Koreri.com, Manokwari– Persoalan lalulintas bukan hanya razia dan tilang pelanggaran berlalulintas, tetapi perlu sosialisasi untuk mengedukasi para pengendara supaya melengkapi baik administrasi maupun perlengakapan kendaraannya demi keselamatannya sendiri.
Sosialisasi edukasi ini digelar dalam bentuk broadcast Kamsel Talk bertajuk “NGOPI MANSINAM” atau ngobrol permasalahan lalulintas aman, selamat, tertib dan nyaman berlangsung di Batas Caffe, Wosi Dalam dengan moderator Ketua PWI Papua Barat Bustam,S.T menghadirkan narasumber Kasat Lantas Polres Manokwari IPTU Subhan Ohoimas,S.H dan Ketua Dewan Kehormatan PWI Papua Barat Key Tokan Abdul Azis.
Tiga segmen yang disiarkan melalui media sosial itu menyoroti tentang persoalan kemacetan di ibukota Provinsi Papua Barat, rambu-rambu lalulintas, perlengkapan kenderaan hingga SIM bagi para pengemudi.
Kasat Lantas Polres Manokwari IPTU Subhan Ohoimas,S.H kepada wartawan usai mengikuti “NGOPI MANSINAM” mengatakan bahwa meski kegiatan ini merupakan closing dari rangkaian operasi zebra mansinam 2021, namun untuk selanjutnya mengedepankan kegiatan simpatik yang bersifat edukasi kepada masyarakat.
“NGOPI MANSINAM ini merupakan program baru kita buka, start dengan diskusi bersama teman-teman wartawan dengan tujuan menggali lebih mendalam terkait dengan berbagai macam permasalahan lalulintas yang terjadi di Masyarakat, dengan lebih kami turun lapangan menyerap aspirasi apalagi bersama rekan-rekan jurnalis maka kami akan mencari solusi yang tepat kemudian arah menuju instansi terkait khususnya di bidang lalulintas ,” jelas Kasat Lantas kepada awak media Minggu (28/11/2021) malam.

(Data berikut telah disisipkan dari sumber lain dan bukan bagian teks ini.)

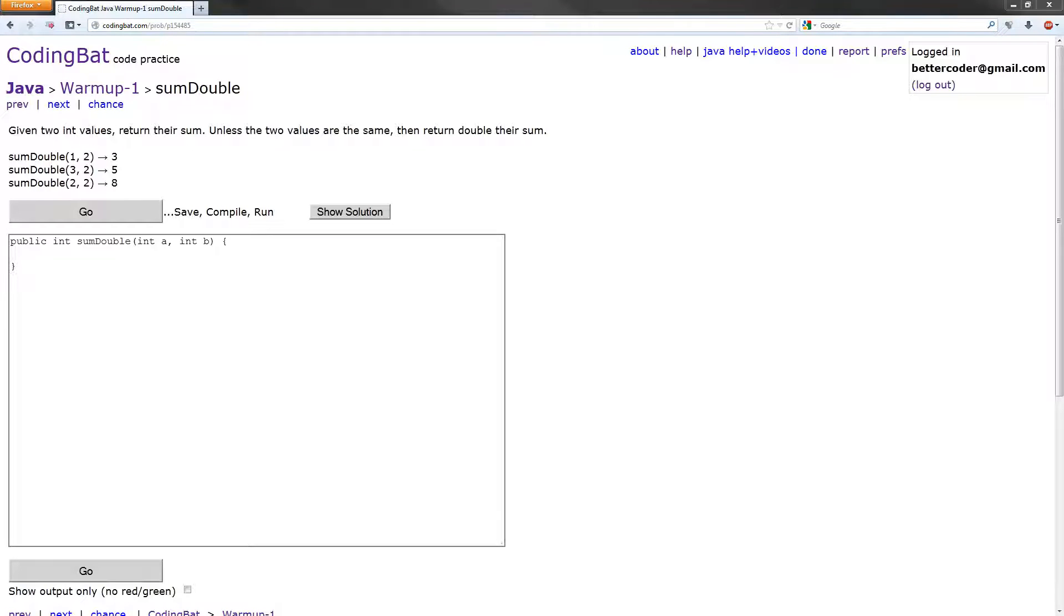Hey everyone, in this tutorial we are going to solve the sumDouble exercise of the Java warmup 1 section of CodingBat.com. Let's begin.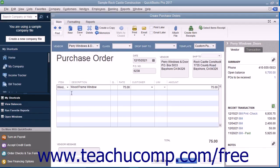Then enter the number of items to order into the Quantity field. The amount shown will be calculated by multiplying the Quantity and the Rate fields. Simply repeat this process of selecting line items until you have entered all of the items you need to order into the purchase order. To enter a message to the vendor, type the message into the Vendor Message field. You can enter a memo into the Memo field if needed.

Sehingga lanjut IPTU Subhan Ohoimas mengatakan bahwa harapan membangun Kabupaten Manokwari menuju tertib berlalulintas benar-benar terwujud dan dapat diraih dengan kesadaran masyarakat melalui edukasi seperti ini.
“Secara kursial teman-teman jurnalis memiliki harapan tinggi untuk sama-sama mewujudkan Manokwari menuju tertib berlalulintas, berbagai macam isu khususnya bagaimana menghadirkan narasumber dari instansi terkait untuk bisa didiskusikan tentang jalan yang berkeselamatan kemudian manusia yang berkeselamatanmudah-mudah dapat dilaksanakan,” ujarnya.
Dalam diskusi ini sempat disampaikan Key Tokan Abdul Azis bahwa pemerintah daerah dapat menghadirkan jalan alternatif agar menjawab persoalan kemacetan yang sudah mulai terjadi di Kota Manokwari.
Diharapkan hasil diskusi “NGOPI MANSINAM” ini bukan sekedar wacana tetapi lebih diimplementasikan untuk disampaikan kepada instansi terkait supaya direalisasikan agar mewujudkan kesadaran masyarakat berlalulintas.
Ketua PWI Papua Barat Busta,S.T sebagai moderator NGOPI MANSINAM ini menyimpulkan bahwa diskusi ini mendorong terbentuknya forum lalulintas melakukan pertemuan guna membahas persoalan lalulintas di Manokwari.
“Mengurai setiap persoalan lalu lintas di Manokwari untuk dicarikan solusi penyelesaiannya dan menanamkan disiplin berlalulintas harus dimulai sejak diri, butuh peran semua pihak terutama orang tua,” sebutnya.